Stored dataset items
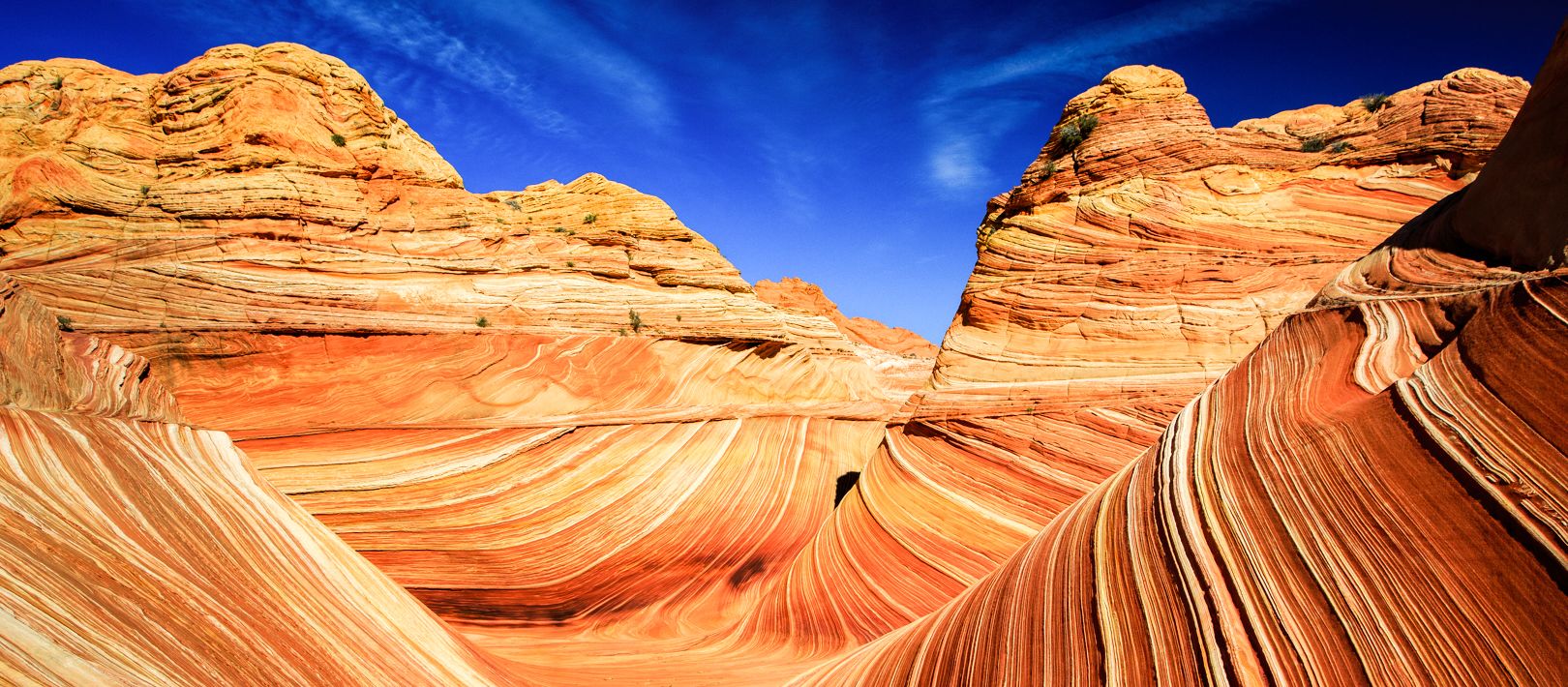 The Wave in den Coyote Buttes in Utah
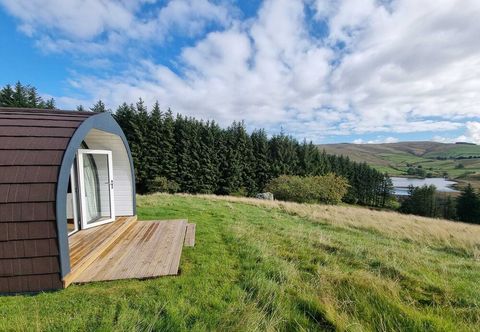 其他 Forester's Retreat Glamping - Dinas View
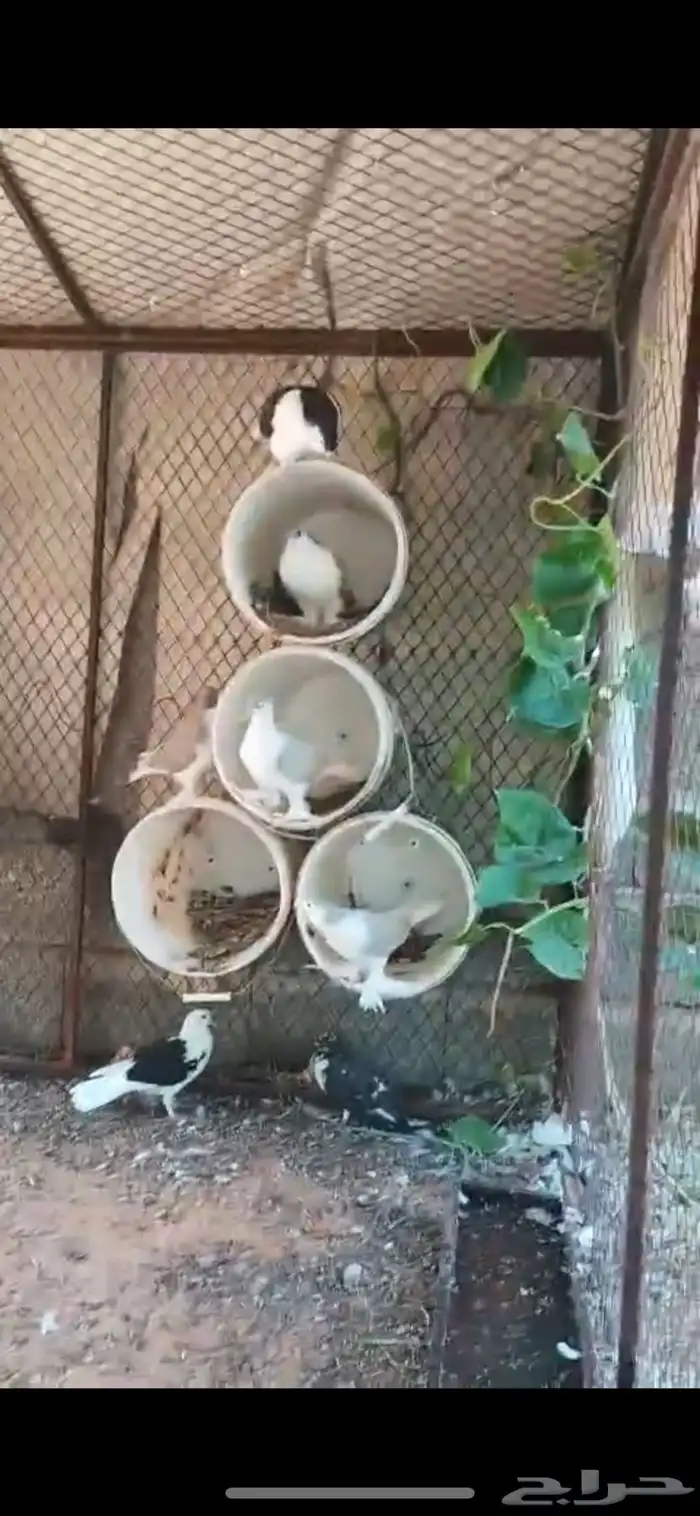 حمام زينه عدد 8 0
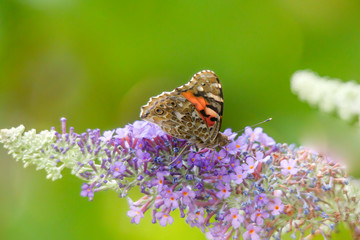 The Painted Lady is sitting with wings open on the flower dows of a butterfly lilac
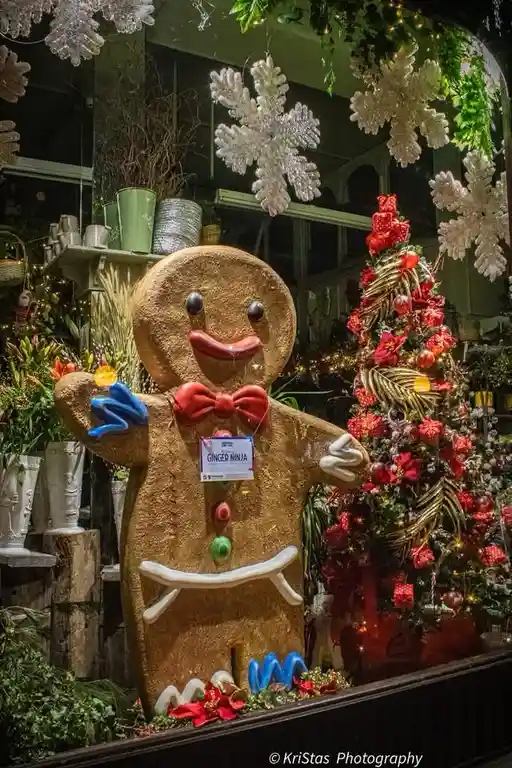 The Adventures of the Gingerbread Man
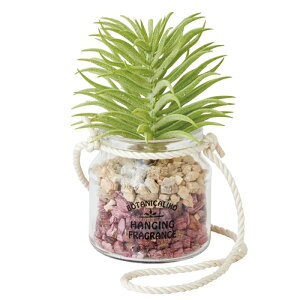 A}  {^jJR nMO ݉ tOX KXr ϗtA F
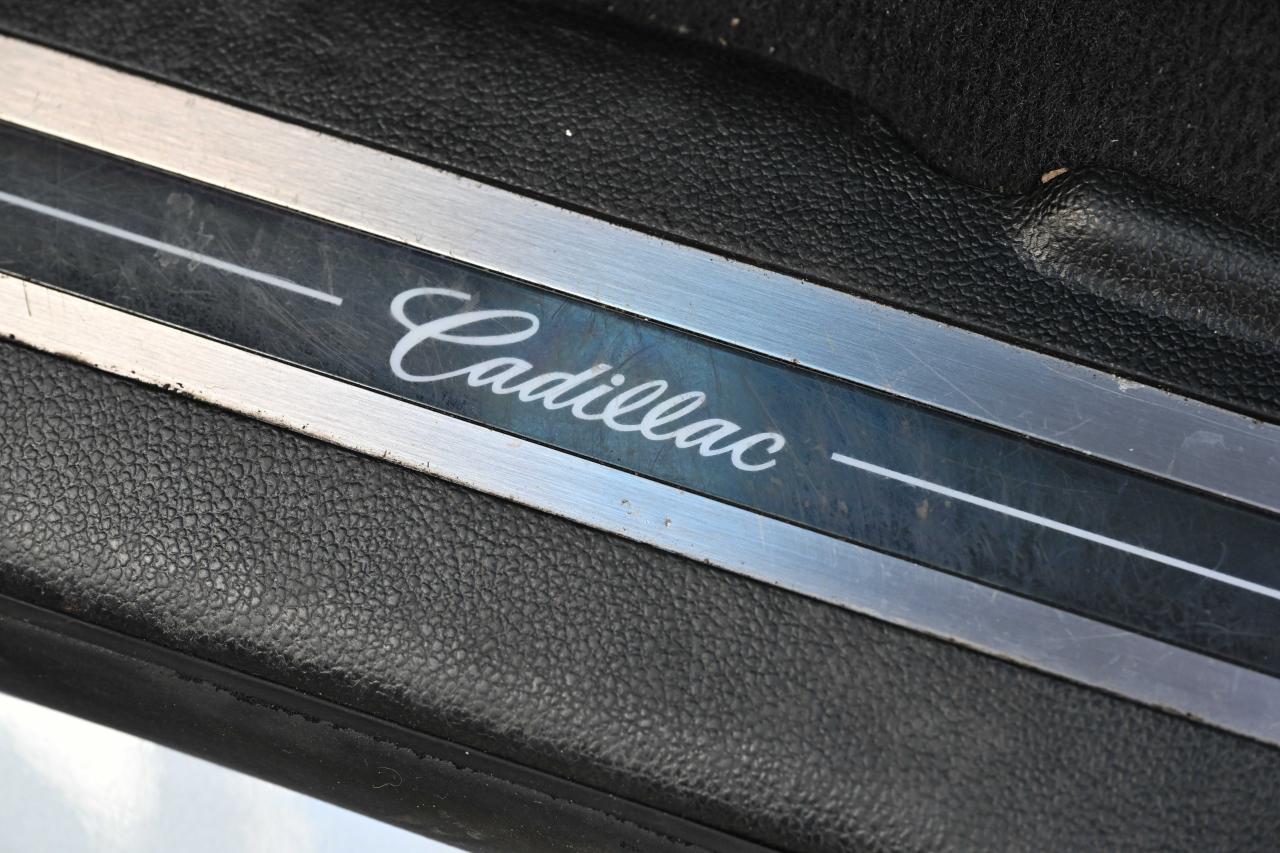 2019 Cadillac Escalade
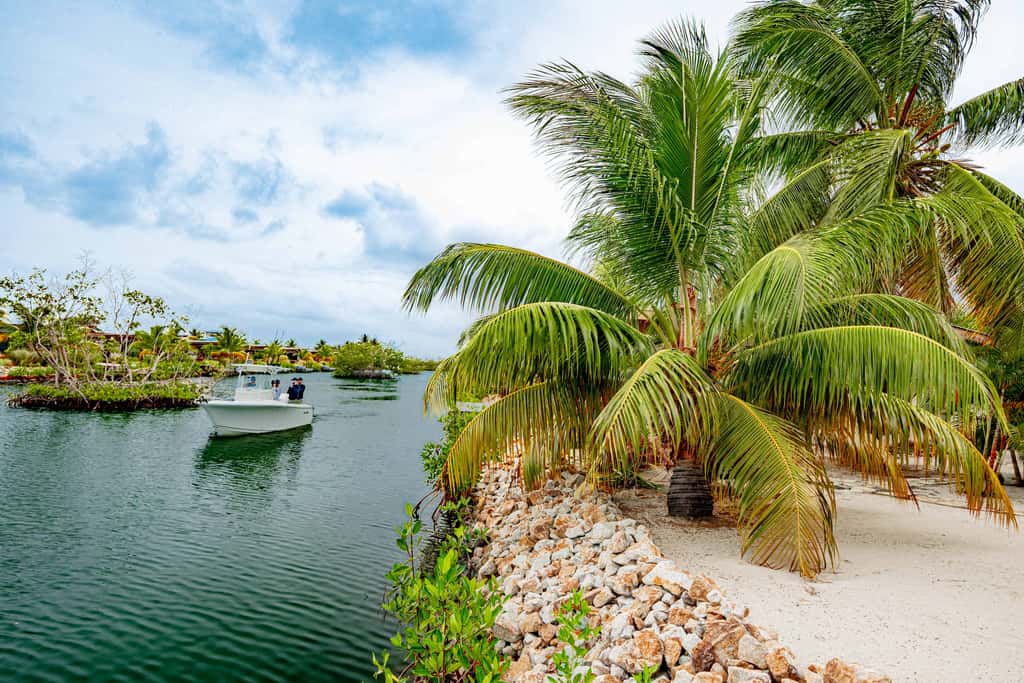 Seabird Villa 3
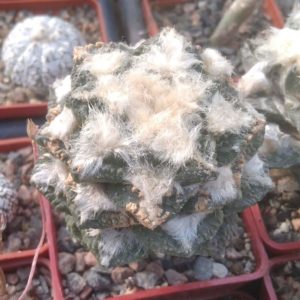 Ariocarpus cv."Godzilla" -cube-7cm- щепа на потужний юсберт-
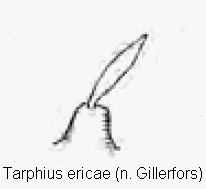 tarphius_ericae_int.gif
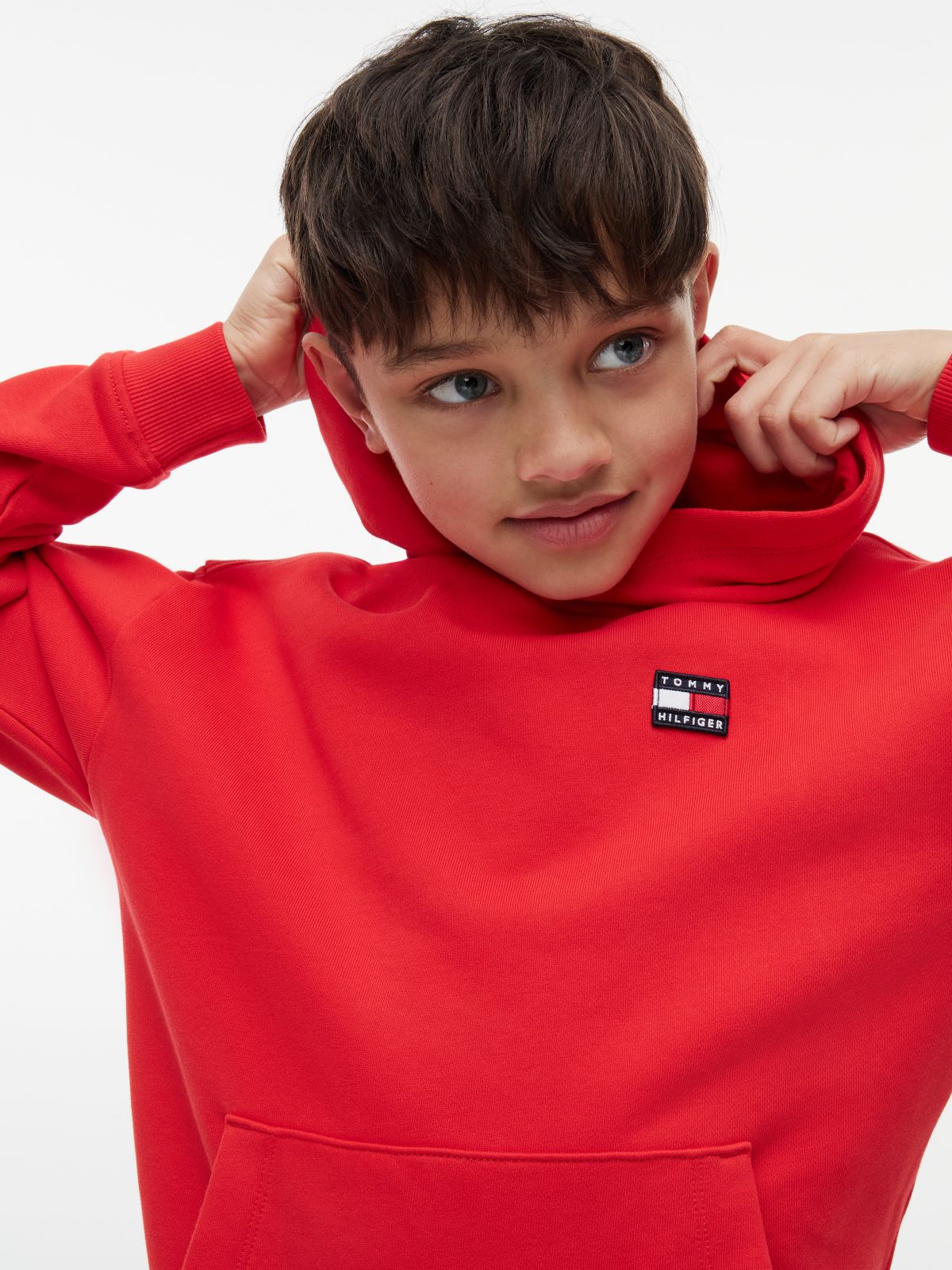 Heritage Flag Logo Relaxed Terry Hoody — Red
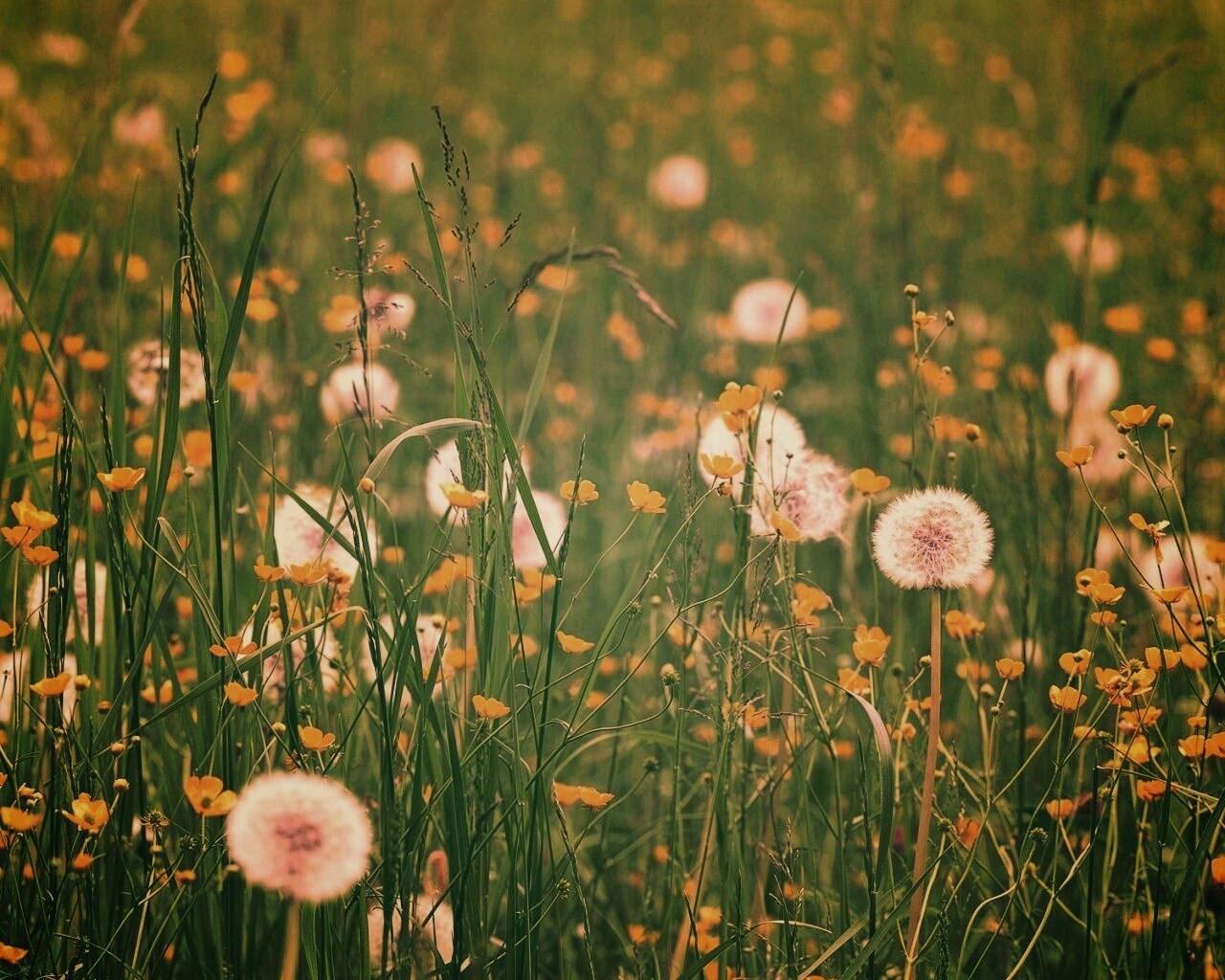 Поле одуванчиков обои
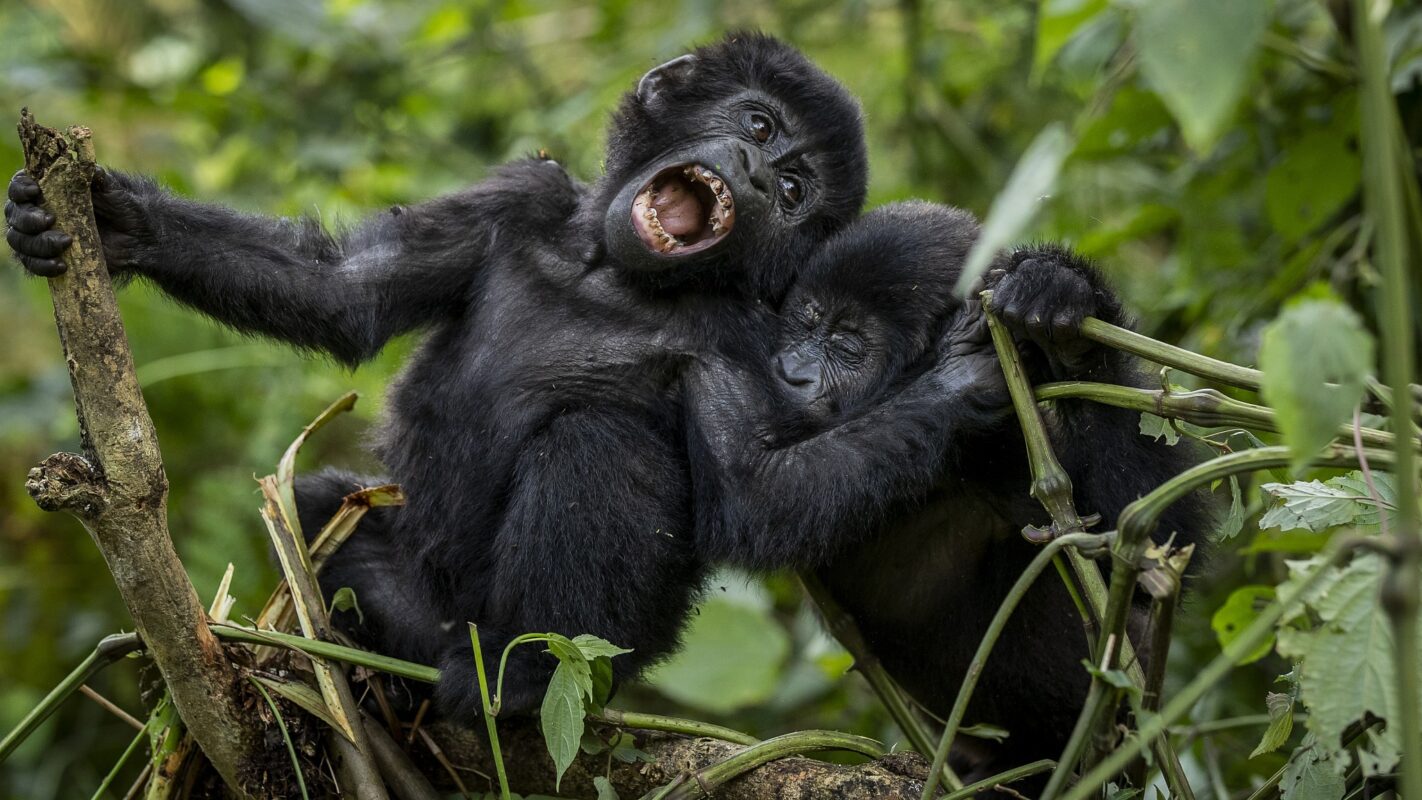 Gorilla trekking safaris in Uganda 2024–2025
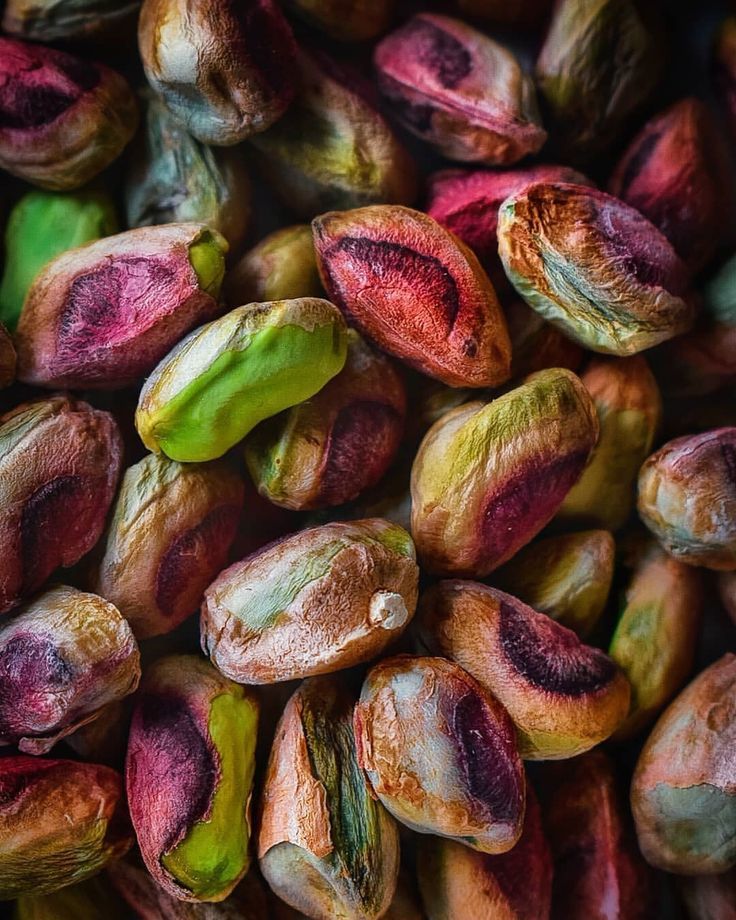 Premium Natural Shelled Pistachio Kernels - Image 3
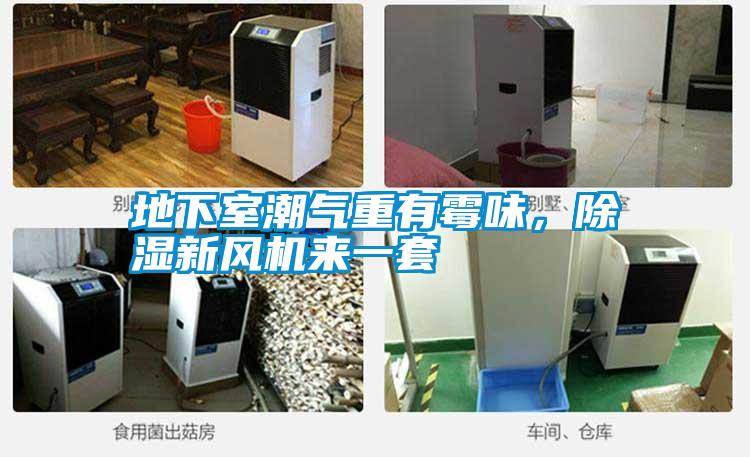 地下室潮氣重有霉味，除濕新風(fēng)機(jī)來一套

• _Work instruction_:
In the answer, include exactly the lines from the one containing "Gorilla trekking safaris in Uganda 2024–2025" through the end of the records above and no pictures at all.

• _Response area_:
 Gorilla trekking safaris in Uganda 2024–2025
 Premium Natural Shelled Pistachio Kernels - Image 3
 地下室潮氣重有霉味，除濕新風(fēng)機(jī)來一套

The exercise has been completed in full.